▶ [EXERCISE DIRECTIONS]
Please print, exactly, only the lines in the entries below from the line that has "水果忍者变态版在iPad上的独特魅力图片" through the line that has "Foto: Terrynka-Radši ho". Pictures don't go in.

▶ [EXERCISE MATERIALS]
=====
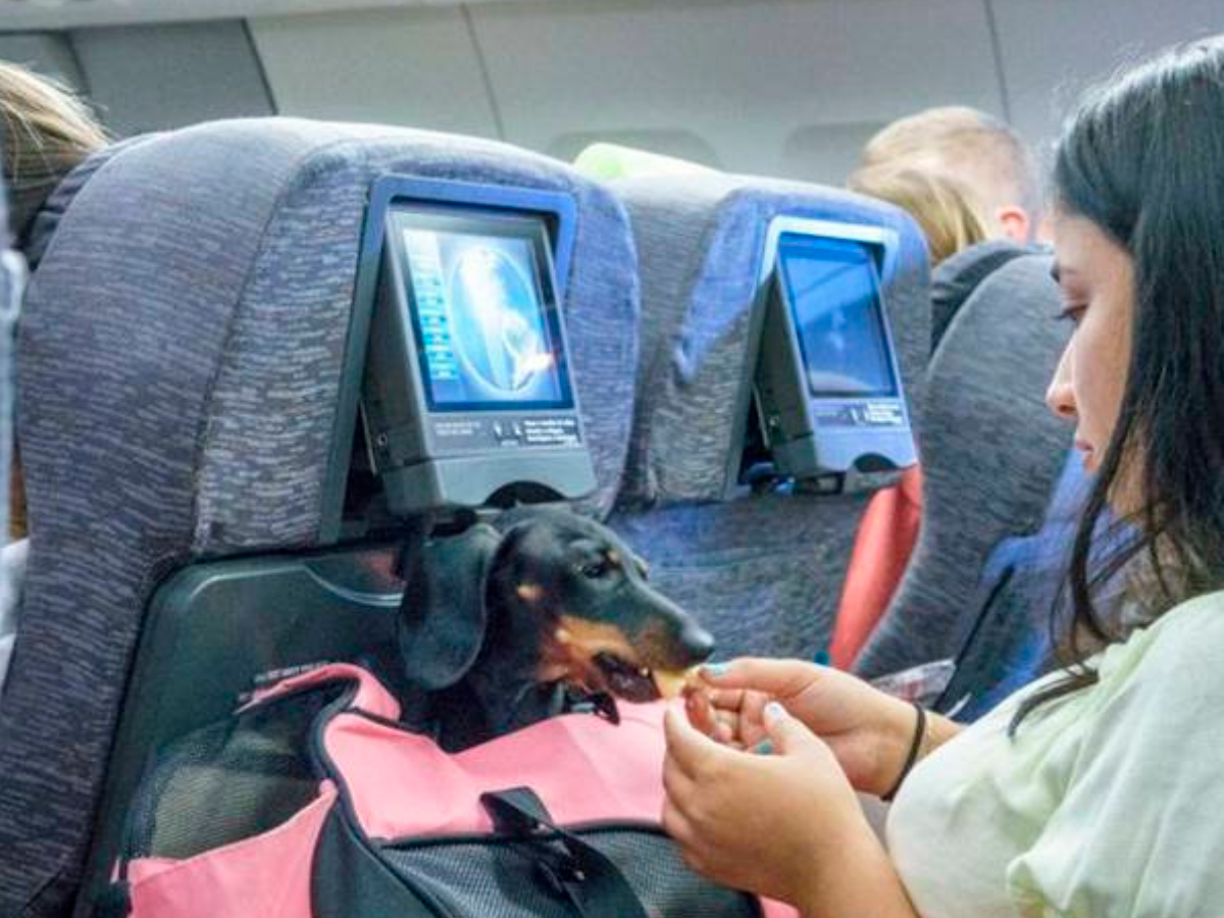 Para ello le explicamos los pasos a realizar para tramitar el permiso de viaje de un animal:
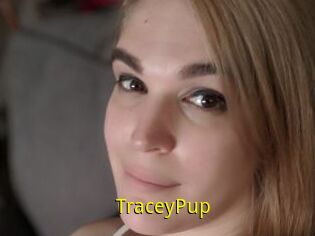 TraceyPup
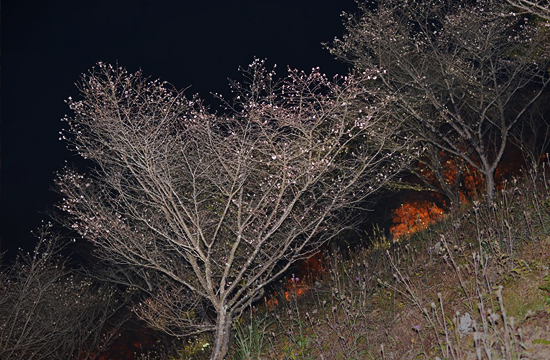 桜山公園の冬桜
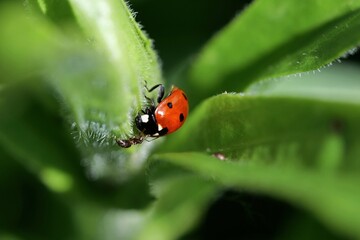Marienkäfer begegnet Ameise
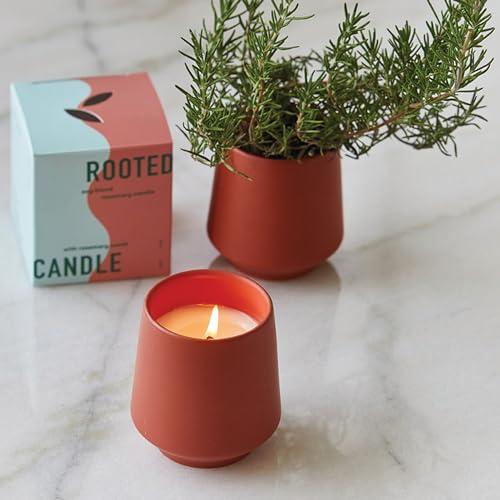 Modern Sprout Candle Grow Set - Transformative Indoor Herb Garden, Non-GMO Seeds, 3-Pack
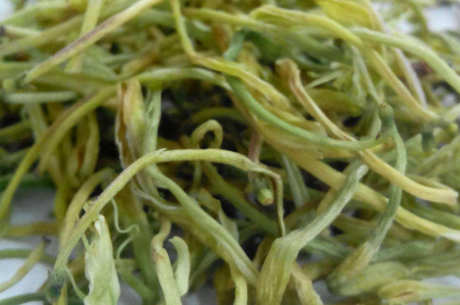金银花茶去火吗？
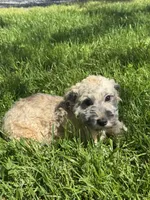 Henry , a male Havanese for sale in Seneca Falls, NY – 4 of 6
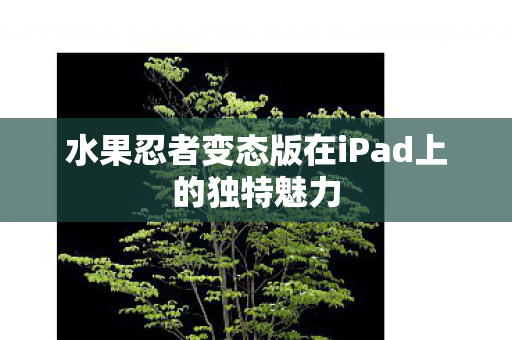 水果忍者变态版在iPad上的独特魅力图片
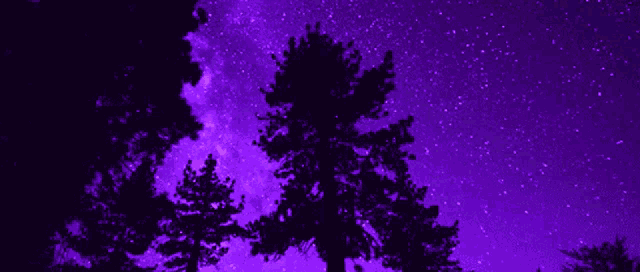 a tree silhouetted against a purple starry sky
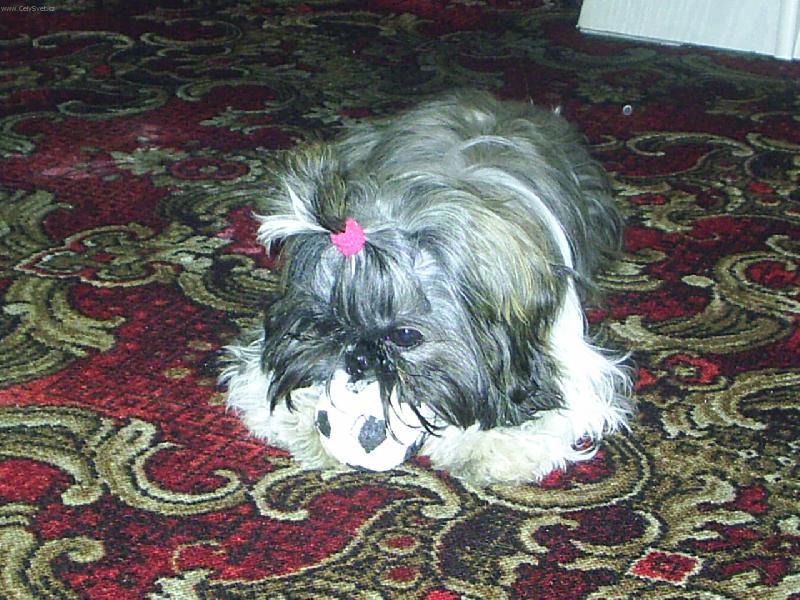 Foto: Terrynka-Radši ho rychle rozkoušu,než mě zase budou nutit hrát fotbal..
=====
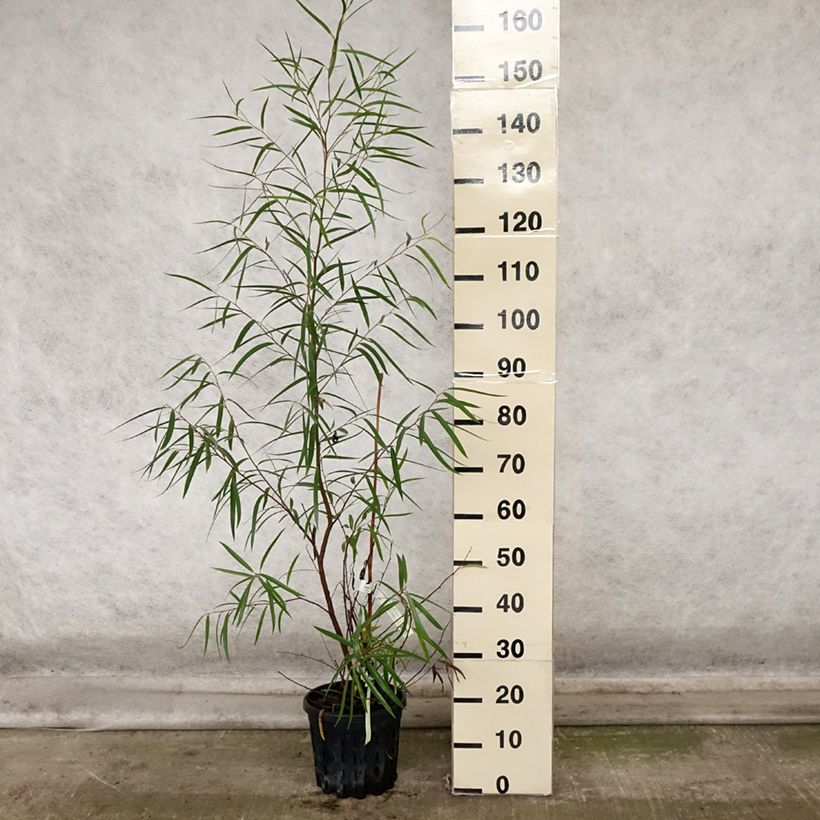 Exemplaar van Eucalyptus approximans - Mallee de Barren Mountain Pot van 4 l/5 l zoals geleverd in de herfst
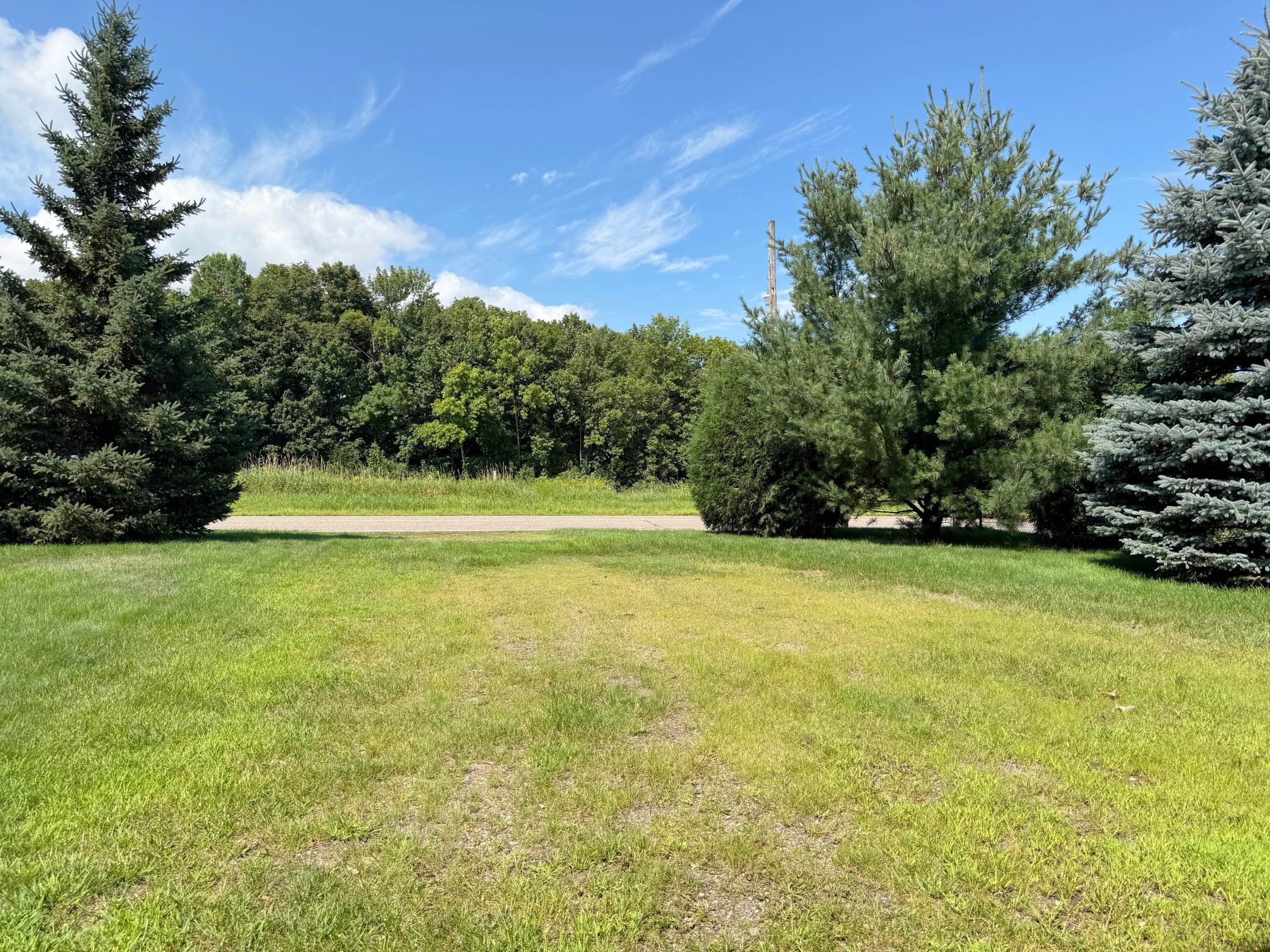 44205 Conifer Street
=====
▶ [EXERCISE SOLUTION]
 水果忍者变态版在iPad上的独特魅力图片
 a tree silhouetted against a purple starry sky
 Foto: Terrynka-Radši ho rychle rozkoušu,než mě zase budou nutit hrát fotbal..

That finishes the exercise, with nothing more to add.